Helena is specialised in disability rights and mental health among young people.
BA, Stockholm University, Sweden
Head of communications at Nordic Welfare Centre, Editor in chief at Iris Media, Journalist at Sveriges Radio
Helena Lagercrantz‘s spatial story
– You´re from Stockholm, aren’t you?
The twenty-three-year-old me nodded, and the man from the labour union looked at me with misbelief.
– Then you won’t understand.
The main employer at Sunne, in Värmland, announced that more than half of their personnel faced redundancy. I was supposed to do a live interview for the public broadcasting network. I had read all the articles I could find and prepared questions, but all in vain.
The man just ignored me and started talking to my technician instead. He was from the same area and spoke with the same dialect. They started to discuss if the house prices would fall and if there would be any replacement work.
Twenty-five years later, I took the bus from my neighbourhood to the other side of the tracks – literally. I live in the north-western part of Stockholm, in Spånga which is divided in two parts, one with detached houses and one part with large council estates. I was supposed to do an interview with teenagers about their participation in civil society. I recognised one of the boys and thought maybe he played in the same football team as one of my kids. When the interview was done I told him that I lived in the area, but before I had a chance to ask him if he played in the team, he interrupted me.

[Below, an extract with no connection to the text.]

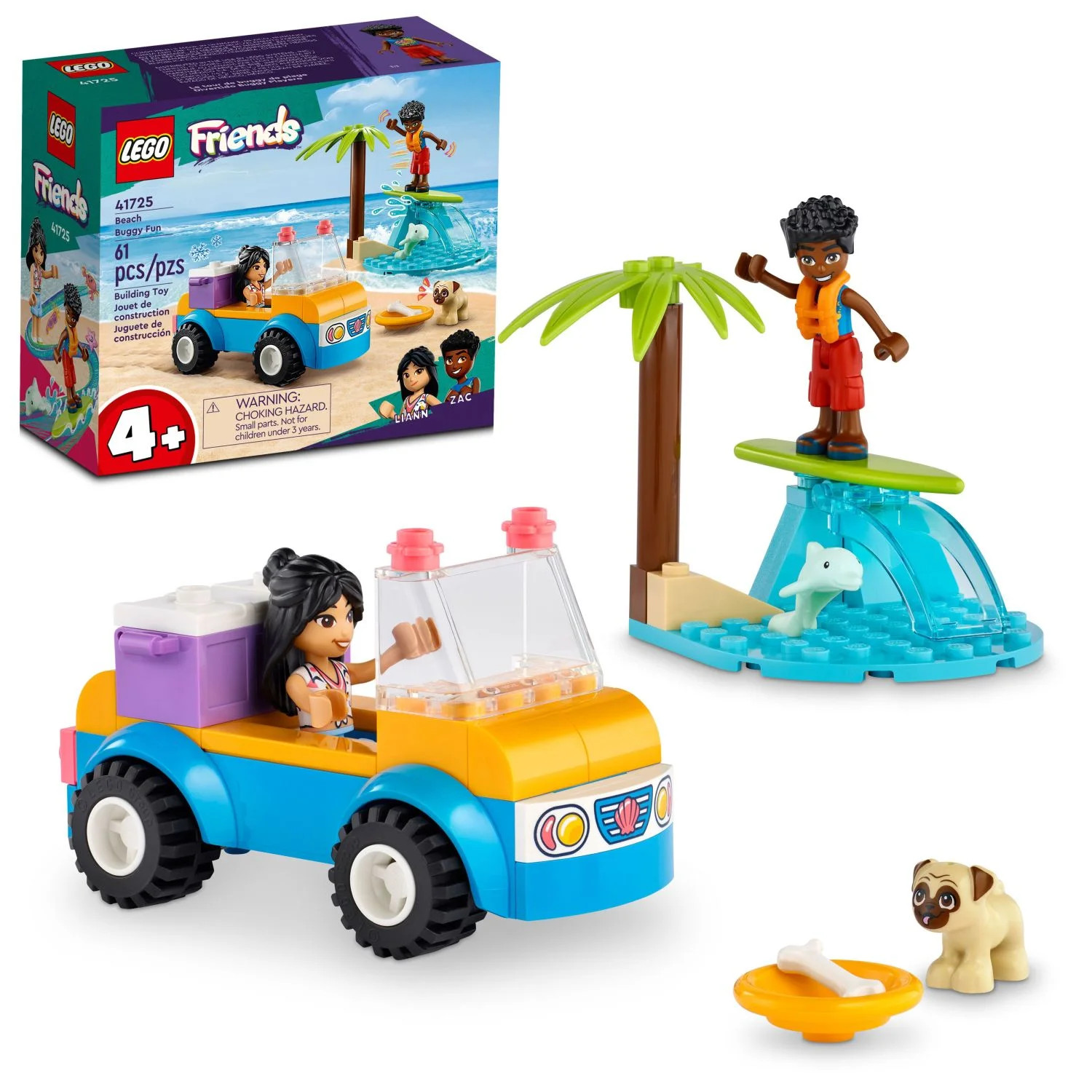 LEGO Friends Beach Buggy Fun Building Toy Set, Creative Fun for Toddlers Ages 4+, Includes 2 Mini... | Walmart (US)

– You’re not from here, you’re from the other part.
I guess the union man at Sunne and the young man in Spånga were both right. My spatial story is a mix of my background and my past experiences. And even if I lived in the area back then, I didn’t fully understand how the closing of a factory could affect a small town. And today, I don’t live in the same surroundings as the young man, even if we share the same postcode.